Advances in technology have fundamentally altered and inarguably improved the way we drive, shop and travel. Sadly, however, information technology has failed to deliver so far in the most crucial service of all – healthcare.  Specifically, electronic health records systems (EHRs), while having largely succeeded at eliminating paper medical charts, are creating as much frustration as benefit. EHRs in and of themselves will not improve the care delivery process. But new and innovative healthcare IT applications, building on the foundation of electronic health records, can.

To begin pulling healthcare IT out of the past, we must first take a look at how it supports the professionals on the front lines of patient care – physicians. The short answer today is “not well.” Problems include poor presentation of patient data, fragmented information sources and unwieldy user interfaces that require dozens of mouse clicks or screen taps. It’s no wonder more than half of physicians who responded to a recent survey claimed their EHR system had negative impacts on costs, efficiency and productivity – three things IT should help, not hinder. These issues not only affect physicians’ professional satisfaction, they contribute to the phenomenon of physician burnout, which is a growing concern across healthcare. Studies show some 30 percent of primary-care physicians age 35-49 plan to leave medicine, and there's an expected shortage of 25,000 surgeons by 2025. A Mayo Clinic study released earlier this year directly connected the burnout problem to physicians’ use of EHRs.

While some of these issues may be hidden from patients’ view, here’s one that isn’t: Doctors with EHRs in their exam rooms spend one-third of their exam time looking at computer screens instead of speaking directly with patients. So to think physicians’ tech-related problems aren’t affecting patient care would be naïve.

What then can be done – by providers, tech vendors and patients?  

Providers must engage more actively and consistently in health IT product design and deployment to ensure that the technology truly meets their needs and supports their workflows. And tech vendors must invite them to do so.

For their part, patients need to get involved and take a more active role in their healthcare, since studies show that patients who are more engaged are healthier. Today, patients have access to a vast body of information – the notes doctors take, quality of care rankings, the level of personalization provided – and it’s only going to increase. They should take advantage of patient engagement tools such as patient portals or wearable devices that deliver information electronically to a caregiver. And patients should feel empowered to seek alternate care if they sense they are receiving inferior treatment or have a poor connection with the provider, due to technology or any other factor.

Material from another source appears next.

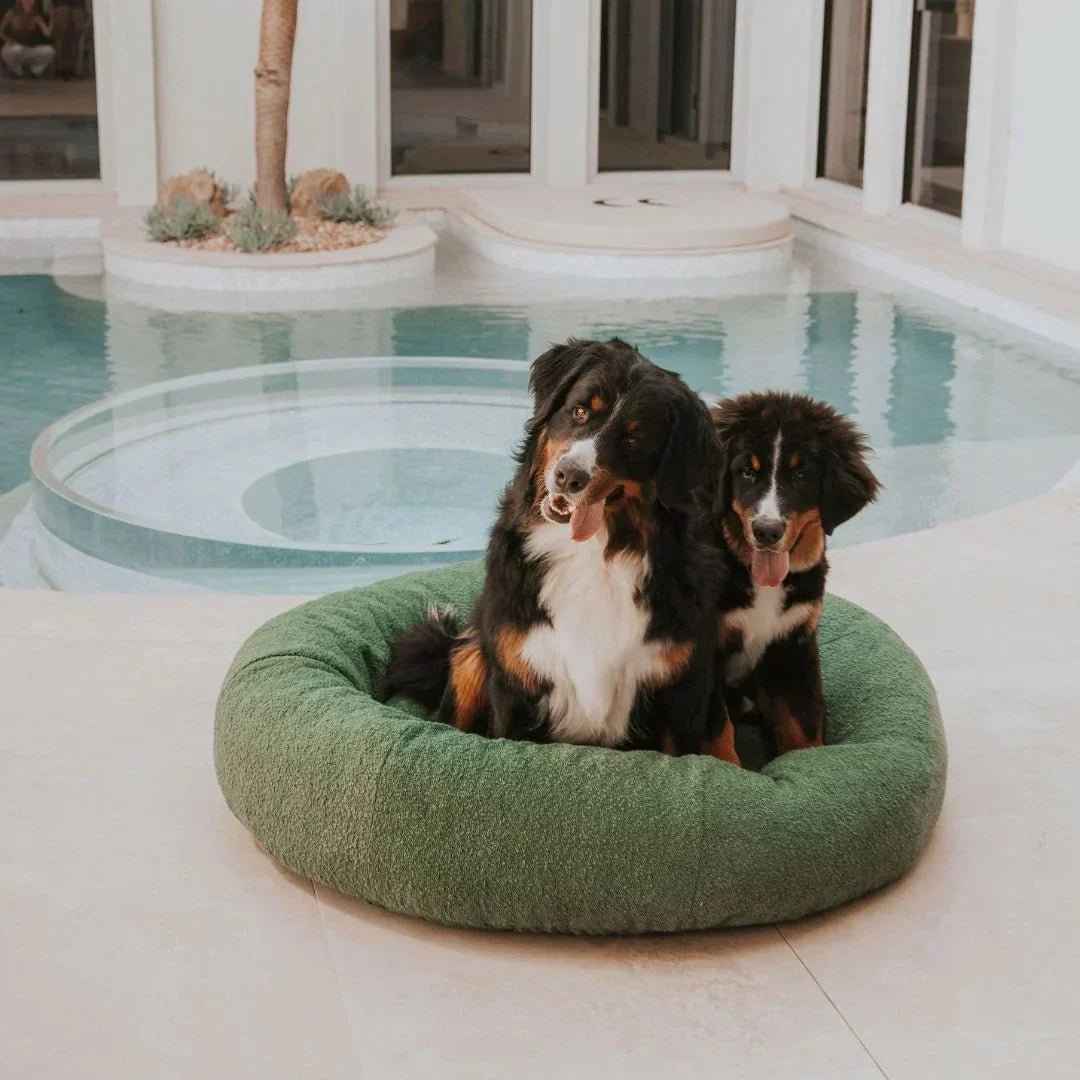 Luxury Boucle Dog Bed - Image 5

It’s time to make healthcare work better for both patients and providers. Leveraging the innovative, ground-breaking tools we have at our disposal will propel healthcare quality and efficiency forward. Making electronic health records and other healthcare IT as intuitive to use as Uber, Foodler or Google Maps will not only improve the quality of care, it will help to enhance the overall healthcare experience for everyone involved in it.